Was it my fault? Should I have gone with him? Would it really have been the worst thing in the world if I had died with him? Is it that wrong to want to be with him even now? I dream of him sometimes and he's always happy, always telling me not to worry, to move on with my life and to fall in love again… Again? I wonder if that means he knew I was in love with him, or if it's just screwed up wishful thinking on my part. Screwed up in the head is right. I can't move on, and even if I could would I really want to?
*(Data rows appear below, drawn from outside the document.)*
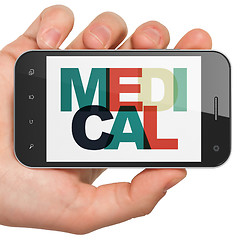 Image showing Health concept: Hand Holding Smartphone with Medical on display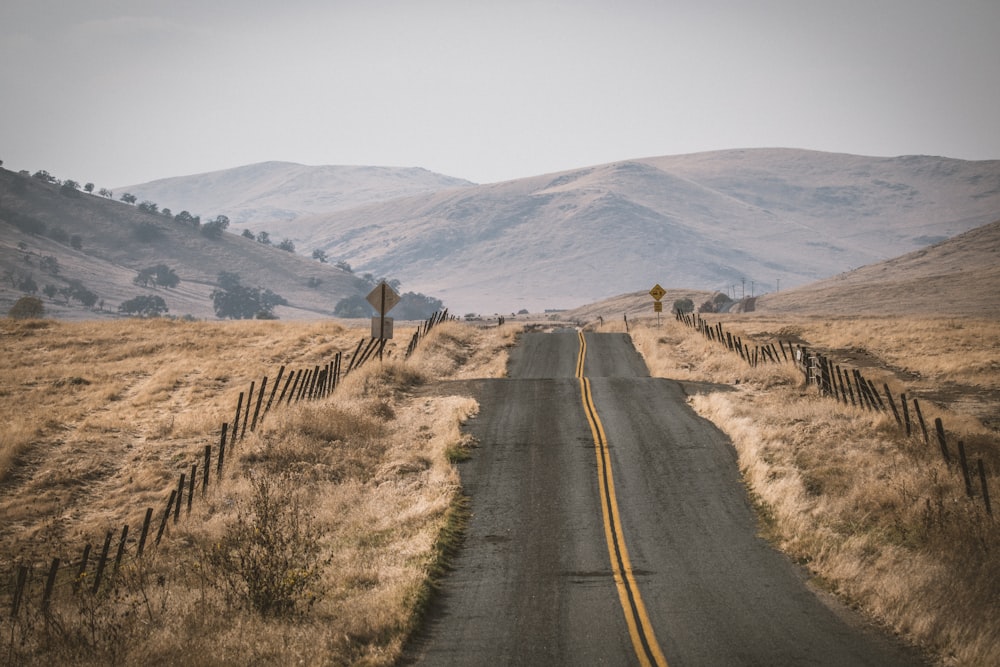 gray concrete road between brown grass field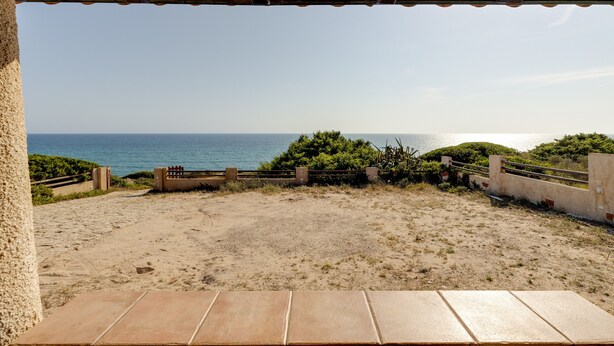 A beach view from a covered area with a sandy foreground and a clear blue sky. - Villa Timbora on the Beach with Ocean View, Terrace (Cabras)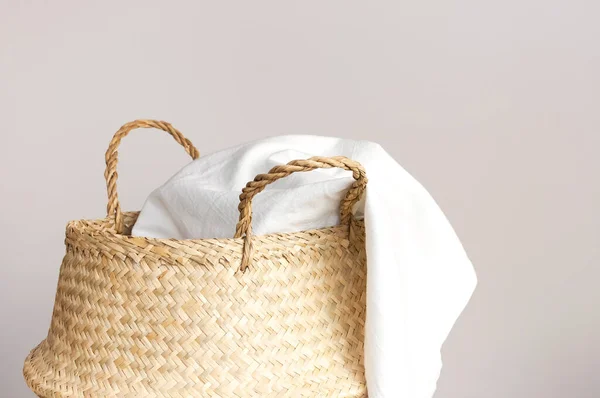 Straw wicker basket and white natural cotton fabric, towel on gray background. Fashionable bamboo basket stylish interior item eco design handmade. Decor of home. Natural eco materials, storage basket.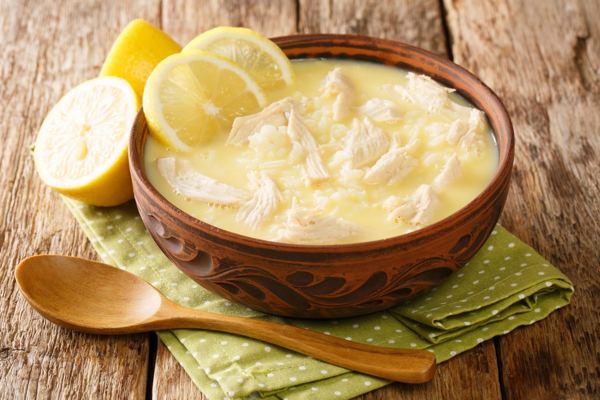 Avgolemono chicken soup with lemon slices in a bowl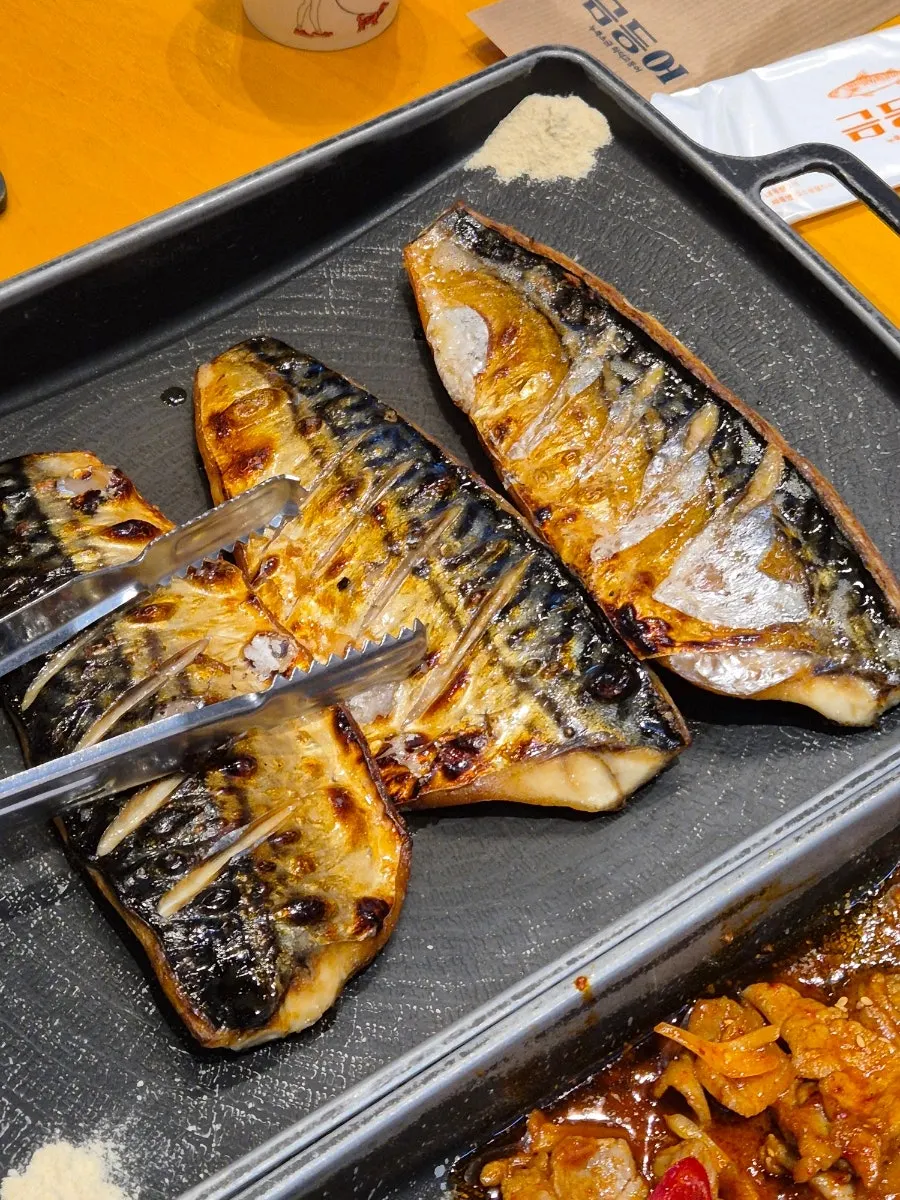 Table with both stir-fried pork and grilled mackerel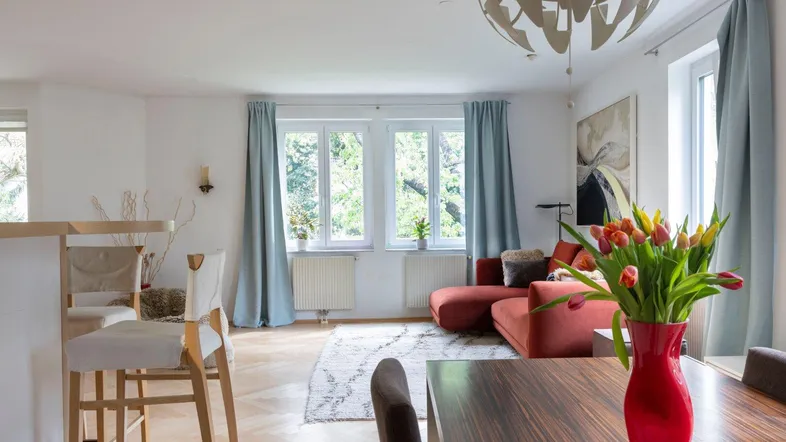Helles Wohn- und Esszimmer mit Parkettboden, rotem Sofa und Blick ins Grüne.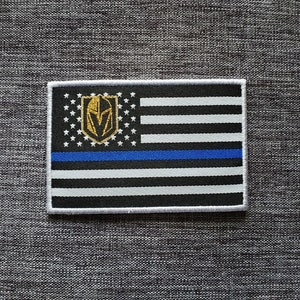 Könnte beinhalten: Ein schwarz-weißes amerikanisches Flaggen-Patch mit einer blauen Linie in der Mitte. Die Flagge hat ein goldenes und weißes Logo eines Ritterhelms in der oberen linken Ecke.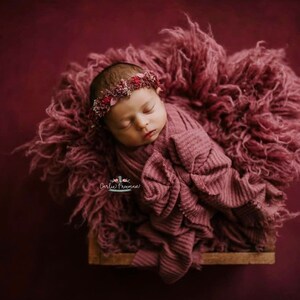May include: A newborn baby girl is sleeping peacefully in a pink fuzzy blanket. She is wearing a pink headband with flowers. The background is a deep burgundy color.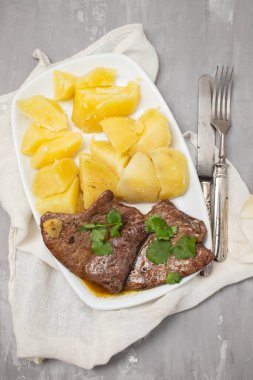 Kızarmış ciğer ve beyaz tabakta haşlanmış patates.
Am I really ready to forget about him and move on?

Days turn into nights, sleep turns into dreams and dreams turn into another day, another month goes by. What dreams never seemed to turn into was reality.

# Who wants to live forever? Who wants to live forever? Who?

Forever is our today, who waits forever anyway? #

Would it be so wrong to find someone new? To take a chance once in a while and have… Courage? But then he'd be in the same situation as before, wanting to make a move, pour out his bleeding heart and take a risk. Or just stand, paralyzed by fear as something wonderful moved away from him forever. Once again he would blow a great chance for happiness because of his own stupid fears.

You live and learn, or at least you live, but I can't seem to learn my lessons. What would TK think if he saw me now, he'd laugh at me I suppose for being such a coward. And then I'd feel alright again because he could always make me feel alright. Now, short of the unthinkable there's no way I can ever have that back again… At least not with TK…

Years turn into forever, forever alone seems like longer, but forever doesn't last. Forever shatters and you have to pick up the pieces one by one, taking each minute one at a time. Minutes turn into hours and it goes on… It doesn't stop hurting, some scars never heal but you have to carry on. There's just nothing else to do, because you can't hurt forever, there isn't a forever anyway. If there was, he wouldn't have said goodbye.

If we could have forever I'd take it like a shot, whatever the price I'd be happy to pay it. But it doesn't even have to be forever, even the briefest of minutes to tell him how I felt would do for me. Because if there's one thing I know it's that even minutes can seem like forever with or without someone you love.